These are among the marvels that surpass the bounds of our imagination, and that must warn us how gravely one errs in trying to reason about infinites by using the same attributes that we apply to finites.
—Galileo Galilei The Hilbert Hotel, Count von Count, and Cookie Monster
Below are two stories. The first is well known within the mathematics community; the second is presented with two classic characters from children's television. In both cases, the stories highlight that our intuition about counting elements and determining the size of finite sets does not always transfer well to the setting of infinite sets.
The Hilbert Hotel. David Hilbert was a German mathematician who contributed transformative results in a number of areas of mathematics and provided valuable vision and leadership to the mathematics community. Because he introduced the following example in the 1920s, it is often described as the Hilbert Hotel. The Hilbert Hotel has many rooms. In fact, each room is numbered with a natural number, and there are just as many rooms as there are natural numbers.
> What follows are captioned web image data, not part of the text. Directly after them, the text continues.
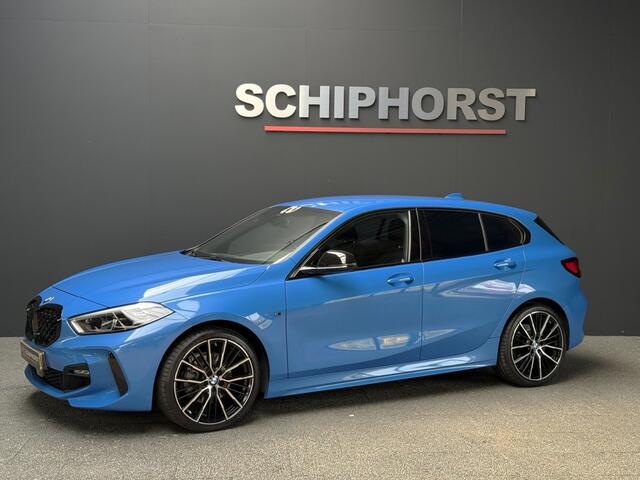 BMW 1-SERIE 118i M-Sport vol Leer 19 inch Bovag garantie Apple Carplay Misano bleu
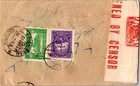 1940 Kaboul Afghanistan  Airmail Censored Cover To Karachi British India
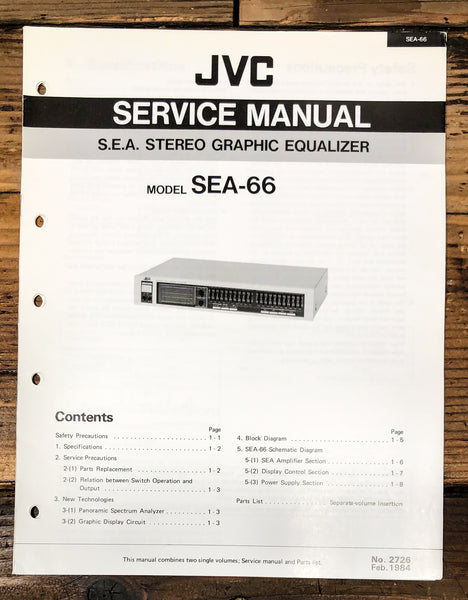 JVC SEA-66 Graphic Equalizer  Service Manual *Original*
Thus there is a room #1, a room #2, …, a room #n, … and so on.
The Hilbert Hotel has acquired a nice reputation among tour group bus drivers, since it always seems to be able to accommodate very large tour groups. For instance, a bus drove up one evening that held infinitely many passengers: every passenger's shirt was labelled with a natural number, and every natural number appeared on just one shirt. This did not pose a problem for Hilbert, of course, because he made a single, precise announcement over his intercom system that told everyone where to go: “Go to the room whose number corresponds to the number on your shirt.” So passenger #1 went to room #1, passenger #2 went to room #2, and so on.
Later that evening, a single person drove up in a car and asked for a room. Hilbert couldn't send the person to the first vacant room, since there were no vacancies. Instead, Hilbert simply made the following announcement over the intercom to everyone who already had a room: “I apologize for the inconvenience, but in order for us to accommodate a new guest, we need you to change rooms. If you are in room #k, please move to room #(k + 1) for the night.